Sorry, i should have been more clear. I have automatic Hyundai i20 and I don’t intend to go off-road. All I want to do is to travel from Sydney to Jervis Bay and I think the road passes through Kangaroo Valley. My question is that can I drive through Kangaroo Valley while remaining in automatic mode on my i20, or would I have to shift to manual mode or i20 is simply not suitable for this travel?
Thank you

KB1971 6:45 pm 02 Apr 15

Solidarity said :

SydneySider said :

Is it easy to travel on Hyundai automatic hatchback i20 through Kangaroo valley or would I need to shift to manual? Thanks.

If you’re going to KV for the roads, rather than grabbing a manual i20 over an auto i20, you may as well just not take an i20 and grab an MX5 or Clio Sport or motorbike or something.

Meh, MX5 or Clio Sport? ? Gawd………

Go for something good like a WRX, Evo or even the unfairly maligned Holden Clubsport or Falcon Xr6T but for chrissake dont go for either of those two. If I was to pick a Jap convertible a Honda S2000 would be my choice, it has the go to match the looks!

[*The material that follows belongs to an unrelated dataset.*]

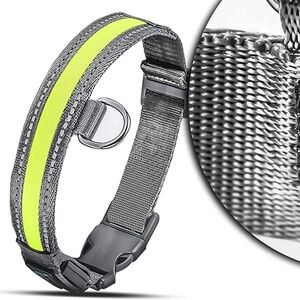 Eversunn Gray LED Dog Collar, USB Rechargeable Waterproof Reflective - Large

wottaway 4:08 pm 02 Apr 15

Then you can head up over Mt.Scanzi to Nowra and maybe return via Nerriga and Braidwood.A really full day.

Solidarity 3:36 pm 02 Apr 15

SydneySider said :

Is it easy to travel on Hyundai automatic hatchback i20 through Kangaroo valley or would I need to shift to manual? Thanks.

If you’re going to KV for the roads, rather than grabbing a manual i20 over an auto i20, you may as well just not take an i20 and grab an MX5 or Clio Sport or motorbike or something.

SydneySider 2:56 pm 02 Apr 15

Is it easy to travel on Hyundai automatic hatchback i20 through Kangaroo valley or would I need to shift to manual? Thanks.